The process would be more time-consuming initially, but it would also be more honest. Americans would know that when Congress appropriates money for a program, it's because lawmakers actively decided that program deserves funding, not because it was automatically included in the baseline.
The Reform That Could Save the Republic
Adopting zero-based budgeting wouldn't solve America's fiscal problems overnight, but it would create the conditions necessary for real solutions. Politicians could no longer hide behind baseline accounting to avoid making hard choices. Spending increases would have to be explicitly justified, and spending cuts would be recognized for what they actually are.
The reform would require legislation changing how the CBO scores budget proposals and how Congress considers appropriations bills. It would face fierce resistance from interest groups that benefit from automatic spending increases and politicians who prefer the current system's lack of accountability.

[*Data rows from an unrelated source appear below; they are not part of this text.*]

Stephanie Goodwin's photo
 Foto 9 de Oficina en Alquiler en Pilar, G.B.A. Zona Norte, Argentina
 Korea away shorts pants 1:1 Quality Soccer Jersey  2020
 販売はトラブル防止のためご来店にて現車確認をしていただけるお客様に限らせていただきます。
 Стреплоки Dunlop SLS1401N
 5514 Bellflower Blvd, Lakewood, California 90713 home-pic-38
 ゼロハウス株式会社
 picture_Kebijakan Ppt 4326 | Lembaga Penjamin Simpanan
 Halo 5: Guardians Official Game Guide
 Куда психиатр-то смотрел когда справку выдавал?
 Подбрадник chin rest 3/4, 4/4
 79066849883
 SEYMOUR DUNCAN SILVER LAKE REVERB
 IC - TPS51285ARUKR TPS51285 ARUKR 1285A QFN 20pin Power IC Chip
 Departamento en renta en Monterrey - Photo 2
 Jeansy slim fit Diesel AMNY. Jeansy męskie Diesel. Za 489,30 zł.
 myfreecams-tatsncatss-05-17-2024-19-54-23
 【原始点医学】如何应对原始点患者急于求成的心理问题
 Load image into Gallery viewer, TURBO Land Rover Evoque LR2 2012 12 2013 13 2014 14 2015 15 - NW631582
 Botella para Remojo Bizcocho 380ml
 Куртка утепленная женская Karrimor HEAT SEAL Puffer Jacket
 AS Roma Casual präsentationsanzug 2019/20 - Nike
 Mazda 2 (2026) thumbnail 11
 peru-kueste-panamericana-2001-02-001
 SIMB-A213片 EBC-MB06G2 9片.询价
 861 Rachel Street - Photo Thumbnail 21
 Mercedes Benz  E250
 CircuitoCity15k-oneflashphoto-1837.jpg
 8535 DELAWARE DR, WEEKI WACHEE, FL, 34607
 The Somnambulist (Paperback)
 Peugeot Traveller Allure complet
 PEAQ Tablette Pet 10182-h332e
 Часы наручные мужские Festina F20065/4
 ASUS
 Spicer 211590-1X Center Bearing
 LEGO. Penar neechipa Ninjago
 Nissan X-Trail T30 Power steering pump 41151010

But the alternative is fiscal catastrophe. The national debt is growing faster than the economy, interest payments are consuming an ever-larger share of federal revenue, and entitlement programs face insolvency within the next decade. Baseline budgeting makes addressing these challenges nearly impossible by disguising spending increases as fiscal responsibility.
The Conservative Imperative
No politician can claim to be a fiscal conservative while supporting baseline budgeting. The system is designed to grow government automatically, regardless of economic conditions or taxpayer preferences. It's a progressive's dream and a conservative's nightmare, dressed up in technical language that obscures its true purpose.
Conservatives who want to shrink government must first change how government budgets are constructed. They must demand zero-based budgeting that forces every program to justify its existence every year. They must reject the fiction that slowing spending growth constitutes a spending cut.
Most importantly, they must educate voters about how baseline budgeting works and why it guarantees ever-expanding government. Until Americans understand that Washington's budget battles are largely theatrical, there will be no pressure for the real reform that fiscal sanity requires.
The spending addiction that threatens America's future has a cure, but it requires abandoning the accounting gimmicks that make the addiction possible in the first place.